Zum zwanzigsten Mal taucht Leipzig in ein Meer aus Schwarz.

Ein WGT ohne Regen ist kein richtiges WGT, das gehört irgendwie dazu, wie das Völkerschlachtdenkmal zu Leipzig. So ist es dieser Tag, an dem es ab und an mal recht heftig schauert. War ja auch klar, wenn man die Parkbühne besuchen will. Dort ist am Nachmittag so etwas wie ein ROBERT-SMITH-Gedenktag. Wenn der Chef schon selbst nicht kommt, schickt er eben ein paar Bands, die nach ihm klingen.
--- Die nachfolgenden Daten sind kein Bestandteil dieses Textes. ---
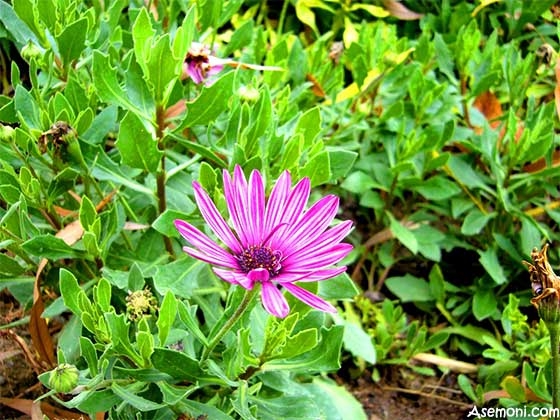 عکس گل های پاییزی در ایران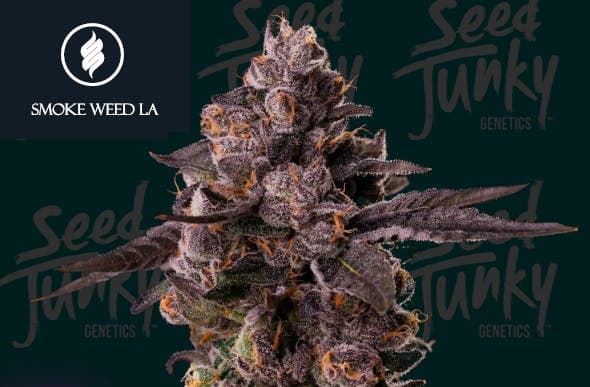 Smoke Weed LA - Permanent Marker x Lemon Cherry Gelato 3.5G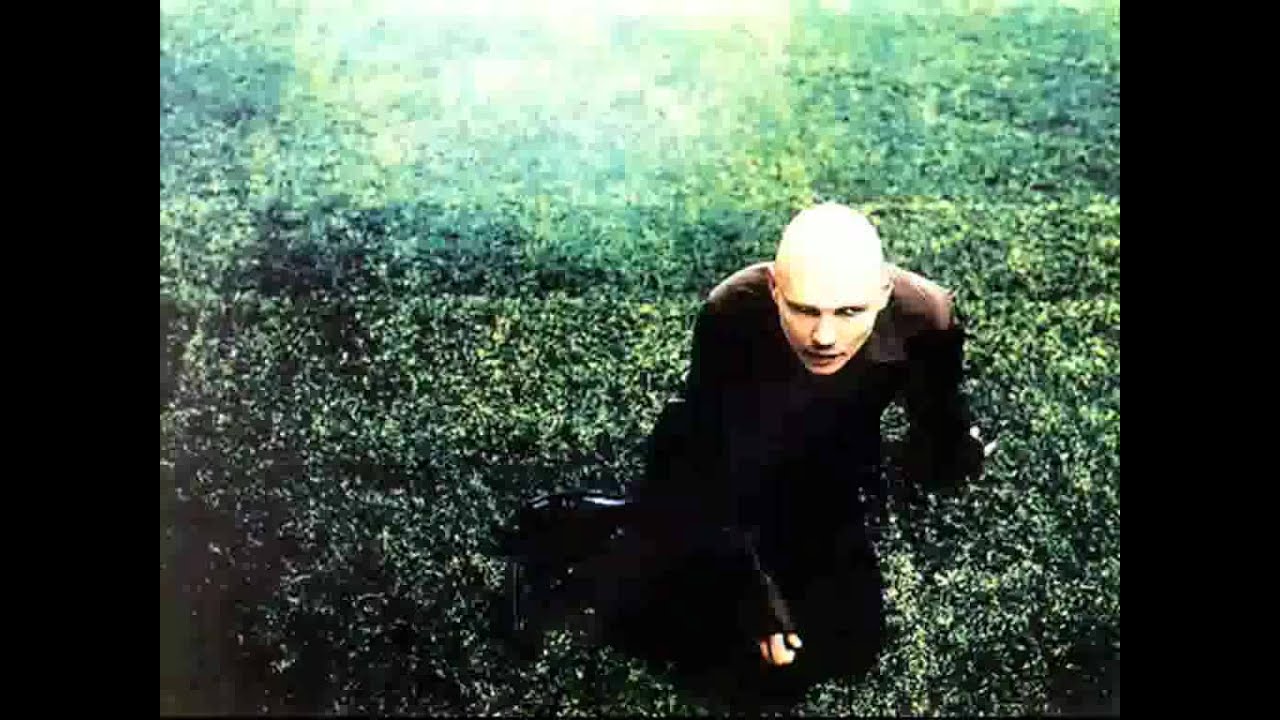 Smashing Pumpkins - In My Body (with lyrics)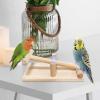Natural Wooden Bird Toys for Enrichment, Sturdy and Interactive view 4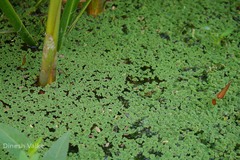 Azolla pinnata
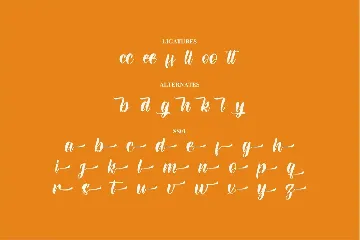 Dinasty Rubby Modern Script Font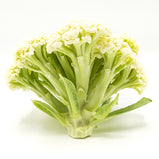 Caulilini Sweet Stem Cauliflower<br> 散椰菜花<br> $2.09/lb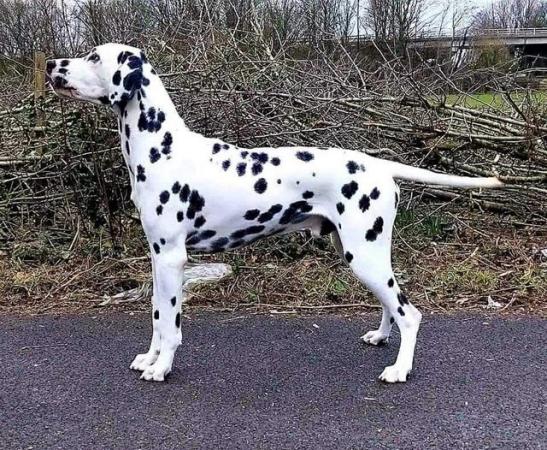 Image 5 of Dalmatian puppies absolutely gorgeous!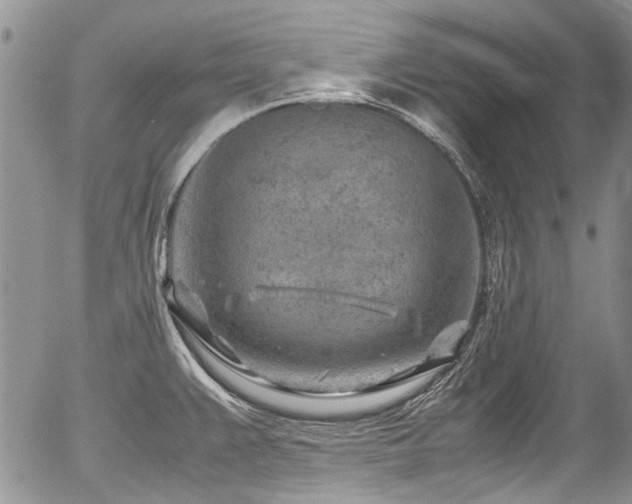 X0000054451383200507291306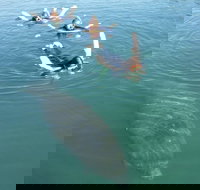 Manatee Snorkeling Tours - Accommodation Indiana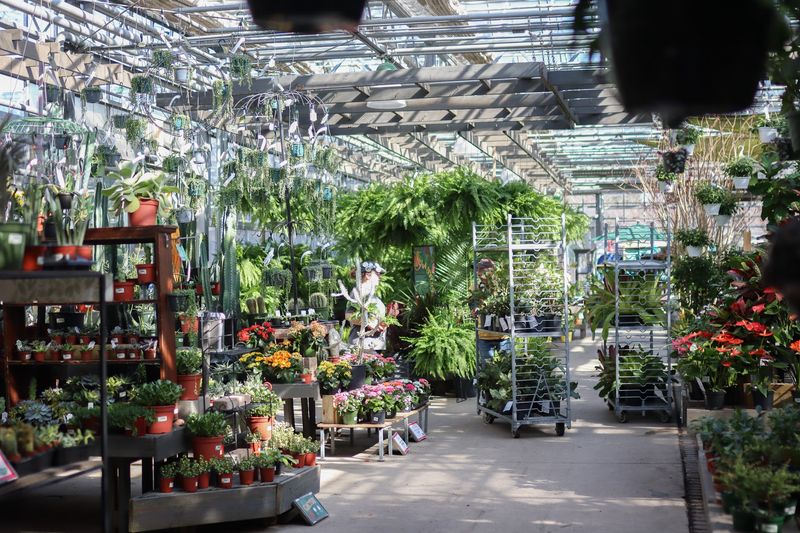 A Greenhouse That Swallows Your Whole Afternoon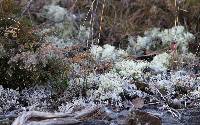 Cladonia rangiferina image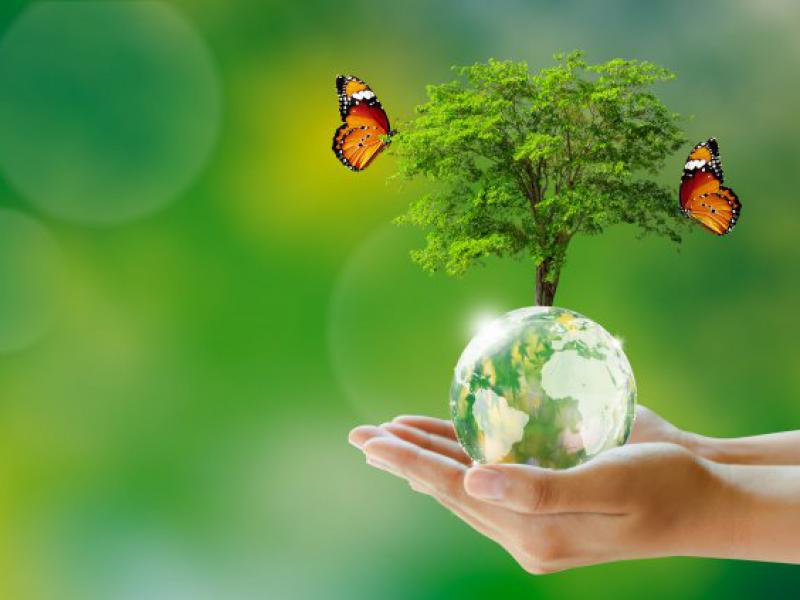 دانلود-عکس-با-کیفیت-عالی-روز-درختکاری
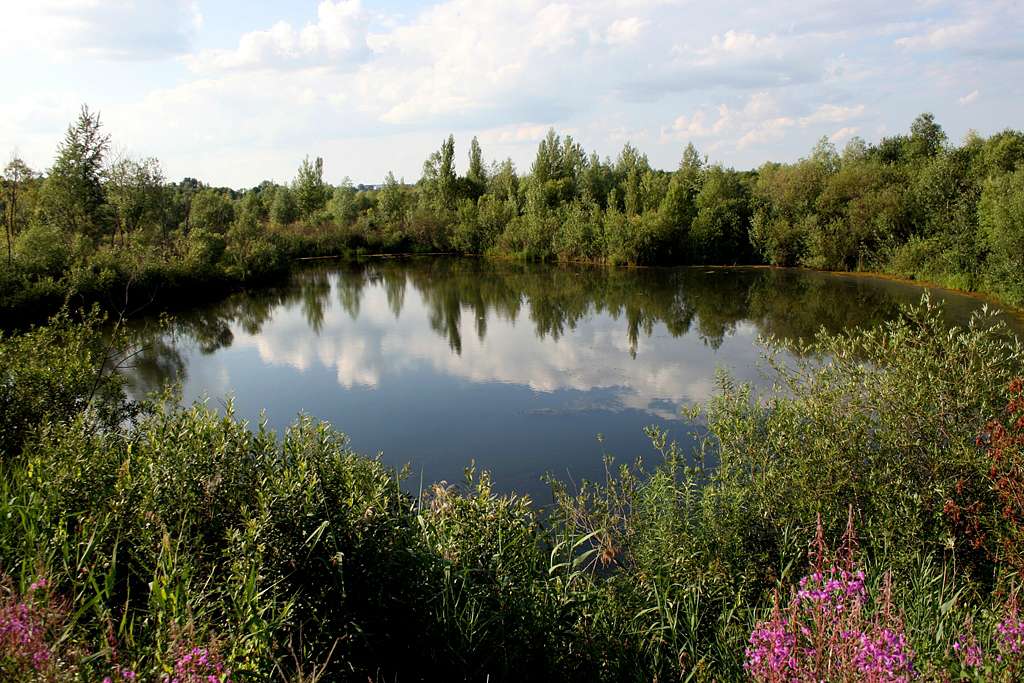 Рідні оку краєвиди - Любар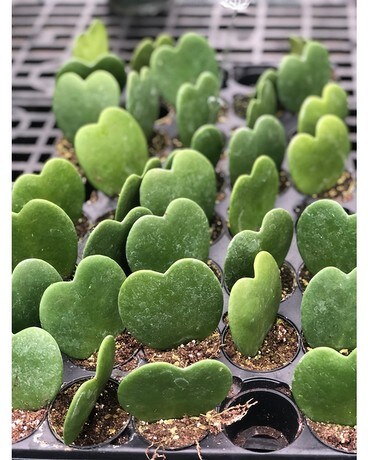 Hoya Plant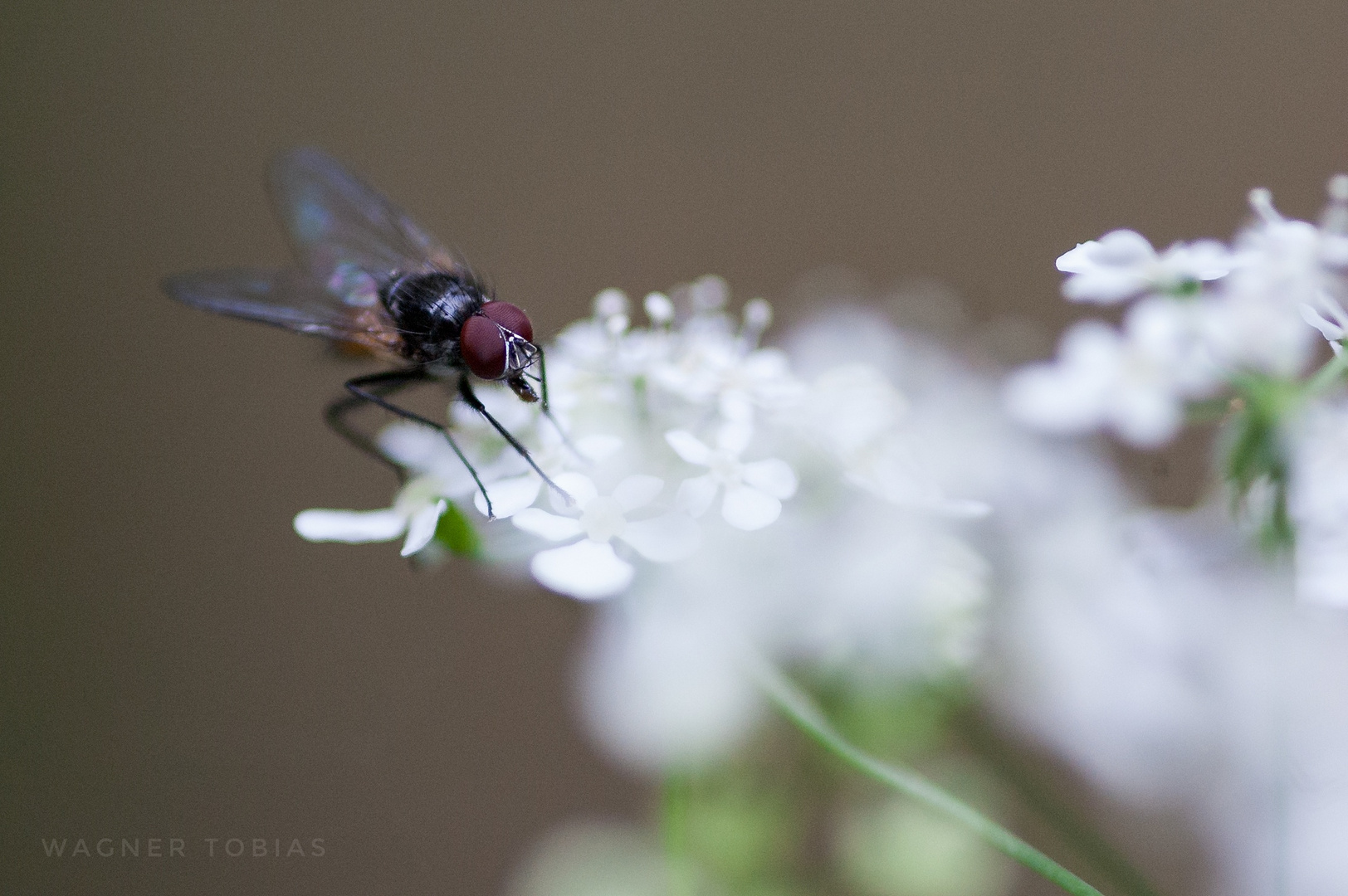 Noch eine kleine Fliege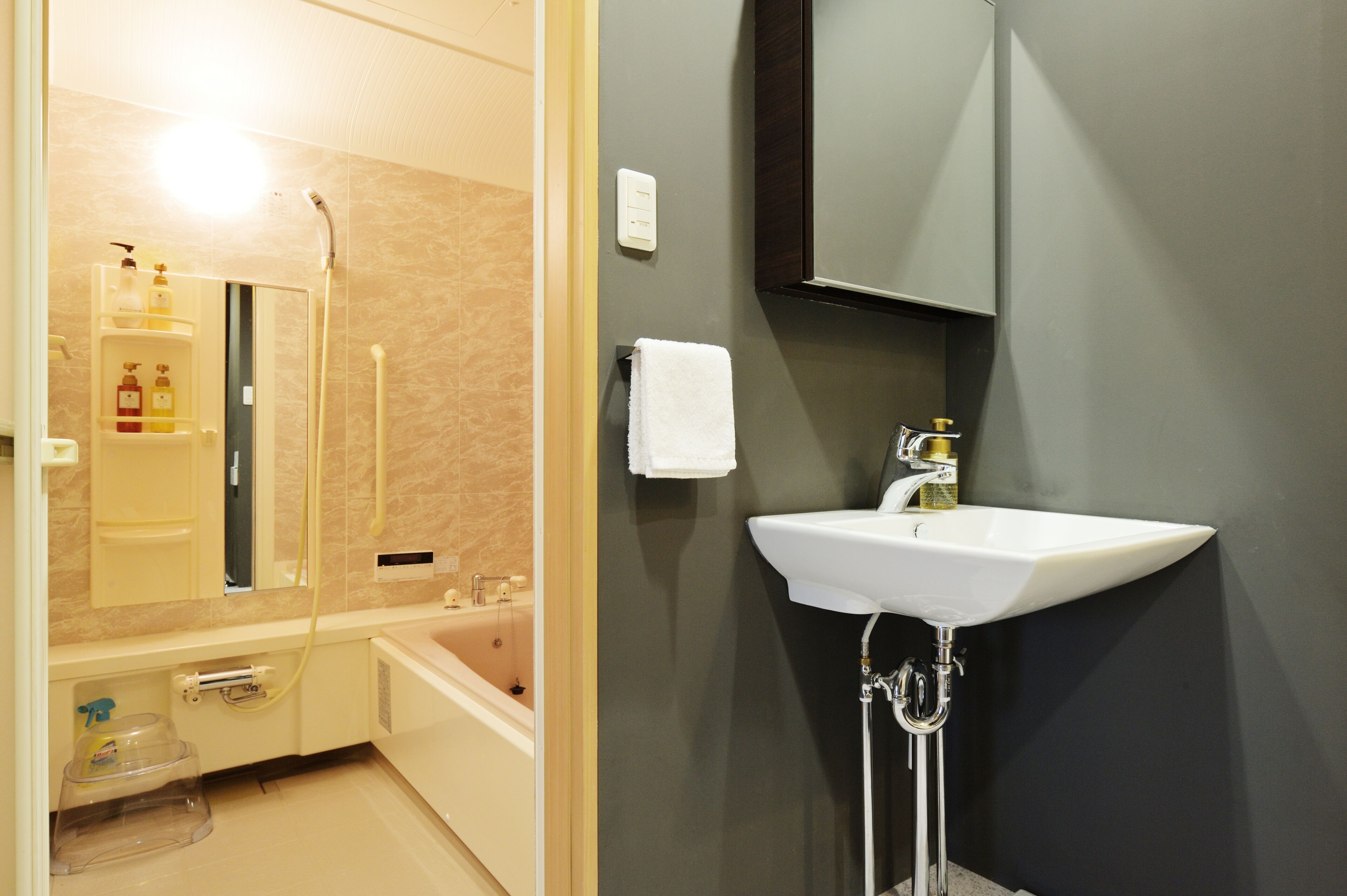 Tenka Chaya Residence East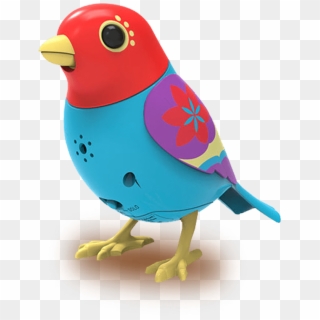Bird01 - Bird Toy Png Clipart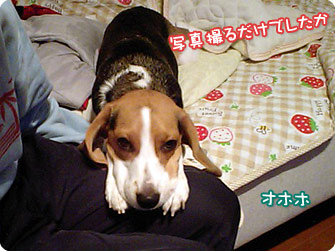 写真撮るだけでしたか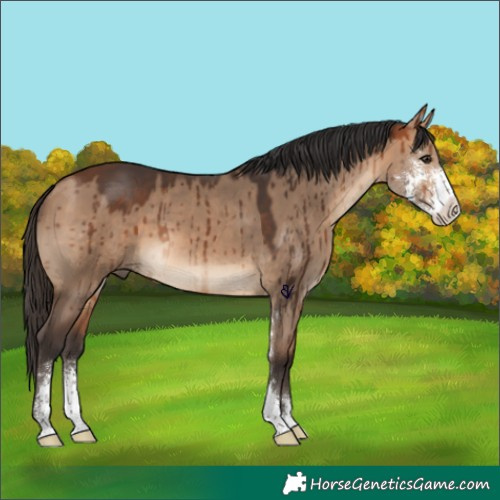 Horse Color:Bay Dun Sabino Brindle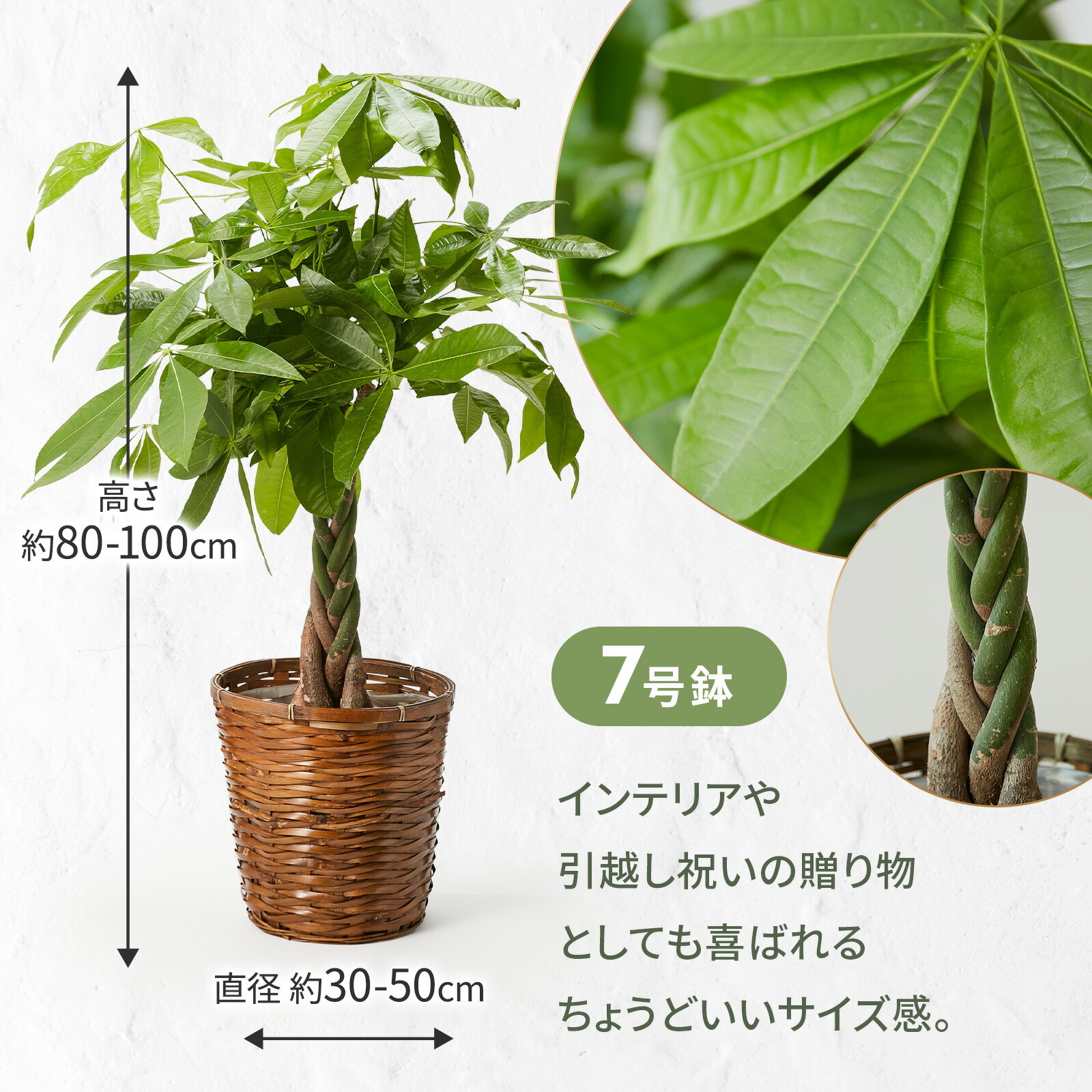 k*o様 パキラ　斑入りパキラ　　観葉植物　7号　約115センチ パキラ 斑入りパキラ 観葉植物 7号 約115センチ k*o様 パキラ 斑入り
Den Anfang machen THE COLD aus Frankfurt und präsentieren den guten alten Wavesound der Achtziger. Seit 1997 gibt es die Band, aber irgendwie ist sie an mir vorbeigegangen. Man kann also auch heute noch neue Sachen entdecken, die es eigentlich schon lange gibt. Die Parkbühne ist mäßig gefüllt, aber den Besuchern gefällt es und so wird das ein schicker Auftritt. Am Ende schaut LAMENT-Sänger Atze vorbei, und gemeinsam zocken sie 'A Forest' von THE CURE. Beide Sänger haben wohl vorher schon recht gut ihr Wiedersehen gefeiert und so ist der Auftritt weniger von geraden Tönen gekrönt. Macht aber nix, Band und Publikum haben Spaß und nur das zählt!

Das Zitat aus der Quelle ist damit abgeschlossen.